Revitalising practice-based commissioning is the only dish on the menu

Primary care czar
Dr David Colin-Thome’s reported remark that practice-based commissioning is a
corpse not for resuscitation
is the quote that will not die.

It was the talk
of day one of the National Association of Primary Care’s (NAPC) annual conference in
Birmingham on Tuesday.

The big news of
course is that the NAPC has a plan for foundation practices to hold real
budgets in community health collaboratives. So far so Conservative policy.

But hang on a
minute, isn’t that Labour’s health minister Mike O’Brien offering to purse his lips
and use the same resus technique?

Mr O’Brien may
have given a far more political speech than he did to the RCGP conference
earlier this month
but he tried to pull off the trick of exploiting the
differences between Labour and Conservative health policies in one breath, and
then backing the Tory idea of practices holding real budgets in the other.

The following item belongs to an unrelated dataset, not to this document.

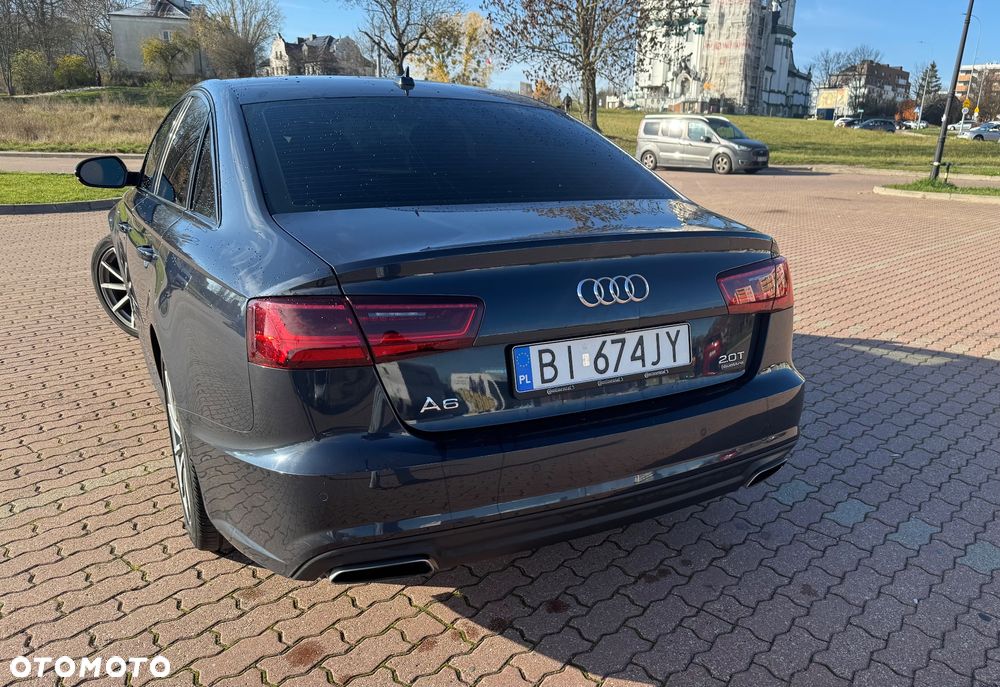 Audi A6 Limousine - 6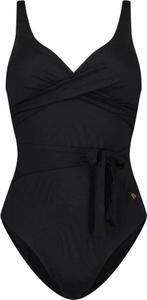 Beachlife Black Swirl Dames Badpak - Maat 42B (Mode) (Mode), Verzenden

But
it’s alright because cuddly Mike won’t force you to do it if you don’t want to,
unlike that nasty Andy Lansley.

My favourite
quote of the day was from the GP explaining that the sandwiches served in
practice-based commissioning meetings were ‘the most expensive in the country’
because so little had been achieved as a result of the meetings over the years at
which they had been served.

What I’ve learned
from my first day here is that the recession/election combo means that there is
a hunger for action. Revitalising practice-based commissioning to allow
practices to hold real budgets is the only dish on the menu.